In an extraordinary day of
commiseration, President Bush celebrated the lives of those lost
in the attacks by personally reaching out to many of the bereaved.
The highlight of a very busy and long day of memorials was his
visit to Ground Zero to lay a wreath and meet with the families
of those lost at the World Trade Center site. He and the First
Lady walked slowly and solemnly down the 800-foot-long bridge
into the seven-story-deep site, hand in hand. He then proceeded
to walk around the large circle in the center of the site strewn
with wreaths and flags and to shake hands with some, hug others
and kiss the cheeks of some. He also signed autographs, received
momentos, and posed for pictures if requested. The First Lady
accompanied him and after a while she also shook hands. It took
a very long time. Not all of the bereaved families showed up for
the occasion, but many did.
What was remarkable about this
part of the day was that the President was in no hurry, showed
no favor, and was impressive earnest. He was this public's servant.
He was theirs to command, but he also was steadfastly their leader,
and there could be no doubt of the genuine emotion.
Political handshaking is a
minor art, of course, but this was not the usual "happy to
see yuh," canned repartee, 15-second "bite." It
lasted about two hours and came after many hours of traveling
and ceremonies and before a major televised address to the nation.
It also came during an "orange" alert, the nation's
second highest level of security warnings, and concerns that terrorists
might use the anniversary to launch another attack.
In this "modern"
era, it is easy to casually assume that political leaders can
spin off "picture opportunities" at a moment's notice
and most are for a moment's notice. While it is demeaning to measure
this "opportunity" in time, nonetheless the President's
performance was inspiring, heart-felt, and flawless.
This day, and this occasion
in particular, was viewed by some as a chance to bring some "closure"
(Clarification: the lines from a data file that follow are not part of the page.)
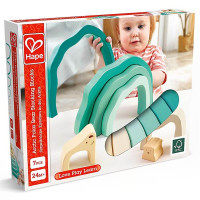 Дерев'яна пірамідка Hape Ведмедик (E0490) Дерев'яна пірамідка Hape Ведмедик (E0490)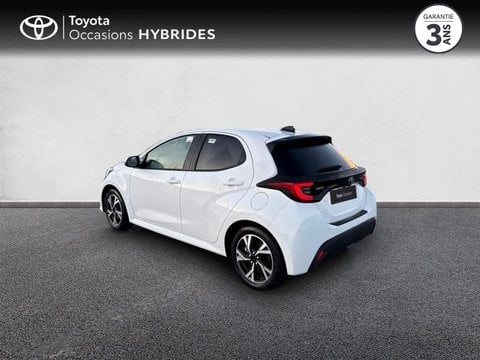 Voitures D'occasion À Concarneau | Toyota Yaris 116H Design 5P My25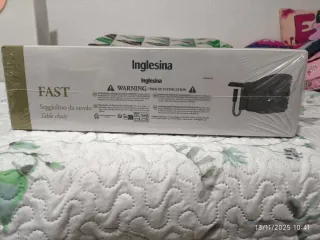 Trona Inglesina Fast Portátil, de viaje, sin abrir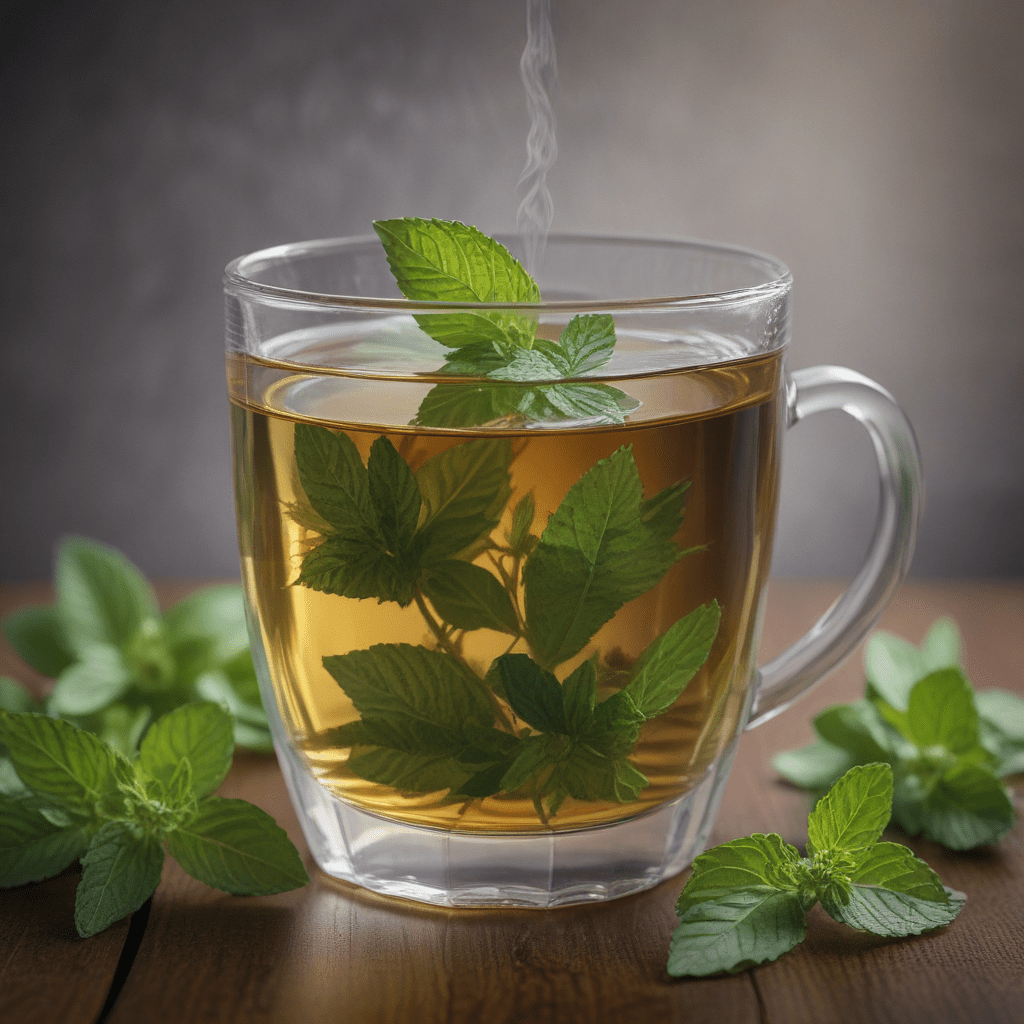 Peppermint Tea: A Relaxing Beverage for Busy Days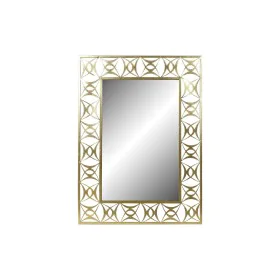 Espejo de pared DKD Home Decor Dorado Metal Cristal 30 x 40 cm 66 x 2 x 91,5 cm de DKD Home Decor, Espejos de pared - Ref: S3...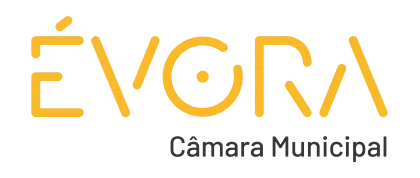 Logótipo da Câmara Municipal de Évora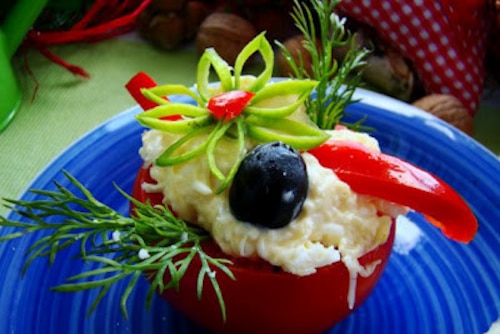 Przepis na Wiosenne pomidorki Wiosenne pomidorki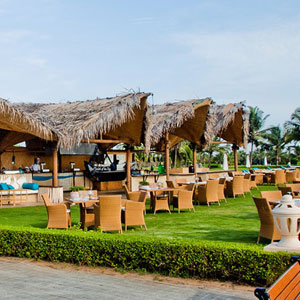 Lobster Shack,Taj Exotica Resort & Spa, Goa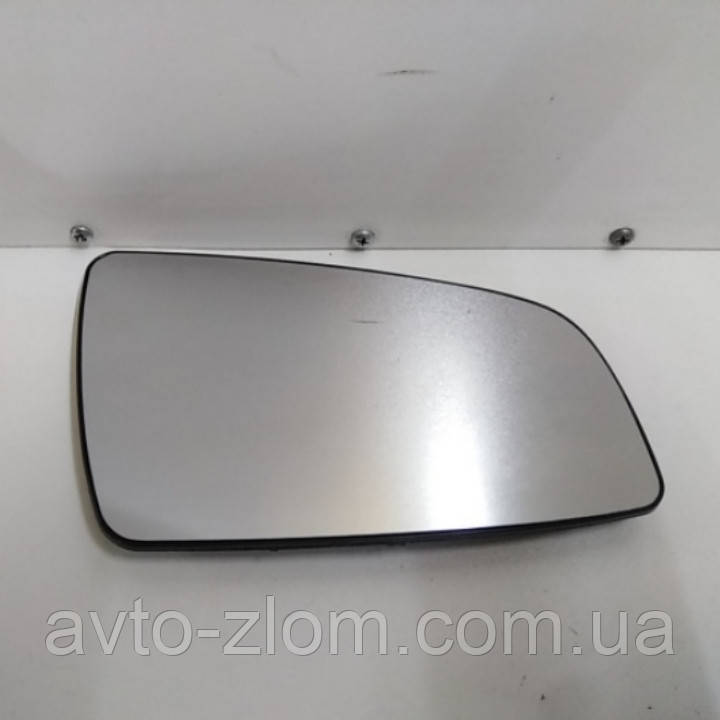 Дзеркало, вставка дзеркала Opel Zafira B, Опель Зафіра Б. Право.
to the suffering caused by the attacks. The media has produced
an overwhelming abundance of commemorative material and it has
been refreshing that some much of it has been executed with great
taste and been very moving. ABC-TV had a profoundly absorbing
program the night before in which some of the firemen who participated
in the rescue efforts at the World Trade Center and survived bared
their souls with tremendous sensitivity and intelligence and fine
humanity. This evening, Tom Brokaw anchored a fascinating program
interviewing the air-traffic controllers who were on duty during
the terrorist attacks. It, and another ABC-TV program interviewing
various high-level government officials, revealed how truly terrifying
the day of the attacks had been: were there to be more attacks
and what targets?
Perhaps because of the profusion
of news about security alerts, New York City was not too crowded
today. A few stores and apartment buildings that had taken down
their American flags after many months brought them out again.
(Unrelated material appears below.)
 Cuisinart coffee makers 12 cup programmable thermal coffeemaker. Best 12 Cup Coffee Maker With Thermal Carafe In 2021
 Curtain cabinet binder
It was not unusual for people to talk with apprehension about
the day because of concerns about security, but the city went
about its business pretty much as usual with the stock exchange
decided only to open a couple of hours later.
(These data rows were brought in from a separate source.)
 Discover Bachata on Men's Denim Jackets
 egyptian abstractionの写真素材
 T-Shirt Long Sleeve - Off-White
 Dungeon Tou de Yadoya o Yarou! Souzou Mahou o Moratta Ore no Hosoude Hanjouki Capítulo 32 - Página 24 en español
The names of the 2,801 persons
who perished in the attacks were read in a ceremony at Ground
Zero earlier in the day. There were moments of silence. Bells
were rung. An eternal flame was lit at Battery Park City with
representatives of 91 nations attending. Religious institutions
held special services. Memorial concerts were held in all the
boroughs with Billy Joel singing "New York State of Mind"
in Central Park.
There appears to have been
no diminution of intense emotions about the attacks. The shock
and hurt remain and the trauma still has not abated.
The healing process has been
long and continues, but the spirit, the notion, the momentum of
community has accelerated in New York and the nation.
It was a sad day of mourning
and tributes, but it was also another day in which humanity was
embraced and flourished.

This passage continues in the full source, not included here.